Given the aforementioned complexity and specificity of new markets, a real-time operating system like FreeRTOS ticks a lot of those boxes. Familiarity and flexibility are powerful weapons in an engineer’s arsenal, and operating systems like FreeRTOS are designed to make that flexibility as accessible and easy to understand as possible. A key missing piece of the puzzle is the ability to apply such a system to multicore architecture.

To maximise its versatility and accessibility, that environment then needs to rest upon a more flexible style of hardware platform that allows engineers to use different processing types at their discretion. Multicore chip programming is not as inaccessible a challenge if engineers can build an architecture based on what they need, when they need it, without having to continually learn new languages, architectures or tools — it’s about empowering them to build a solution that can develop, adapt and grow with the market.

The way forward

A combination of a high-level abstraction like the FreeRTOS operating system, with full control over a genuinely adaptable, scalable and predictable compute platform would attack the obstacles inherent in the chip industry as we see it. Hardware that allows engineers to reliably reconfigure without a total architectural rebuild, and a programming environment based on existing programming techniques, will drastically improve the scalability and flexibility of tomorrow’s platforms.
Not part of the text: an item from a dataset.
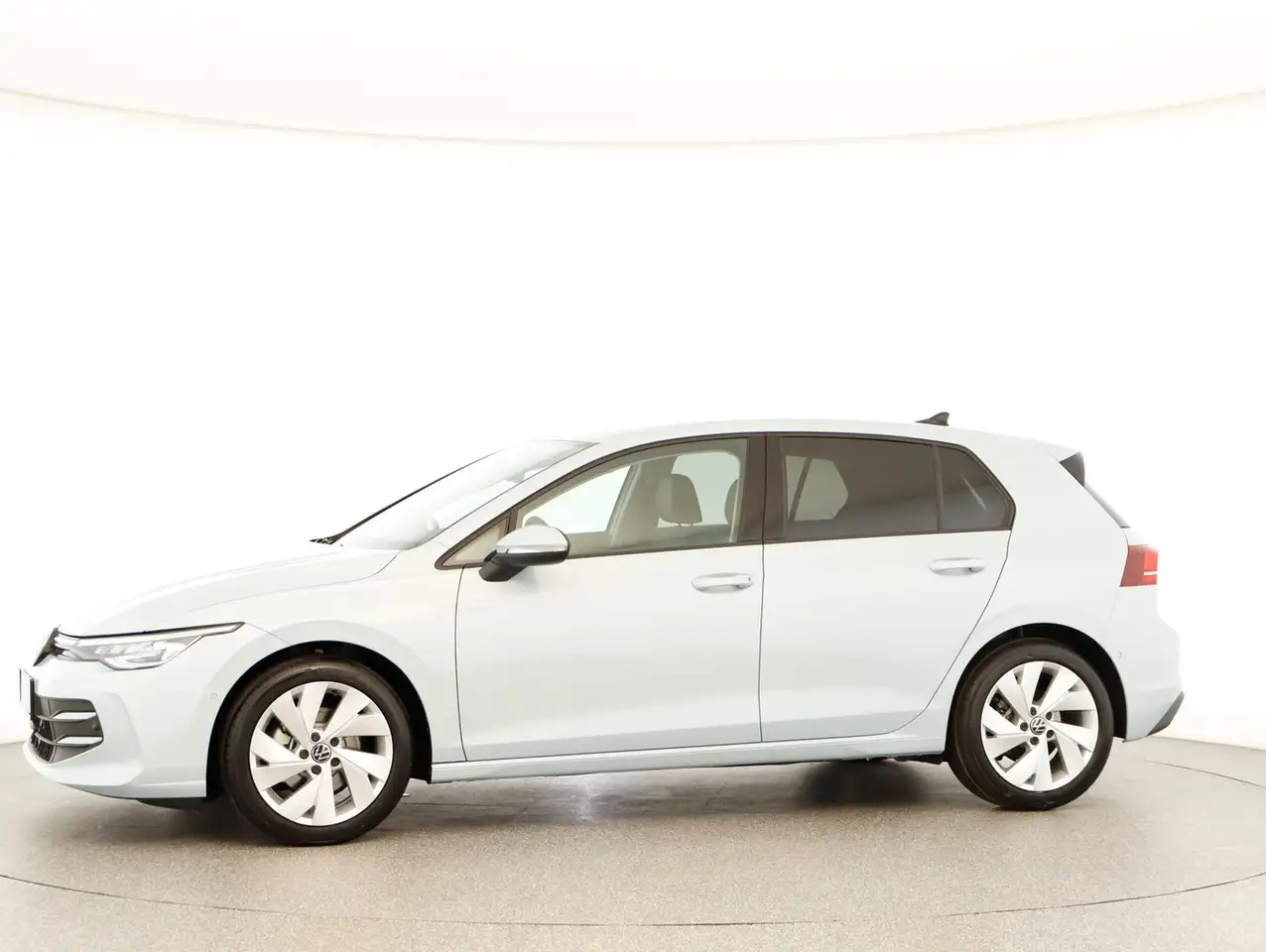 Volkswagen Golf 2026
Tackling these obstacles gives electronics engineers the environment and time to focus on the creative application of their craft, purpose-building a market-specific solution without the architectural or programming restrictions. Solutions can grow and adapt alongside the market, rather than being torn down and reassembled in the time-honoured fashion that our industry can no longer rely on.

Whether tackling the challenges of developing markets like the smart home, or building more efficient implementations of more established crafts such as voice processing, a versatile platform accessed through an environment everyone can understand can only benefit the engineer — and by extension their chosen market.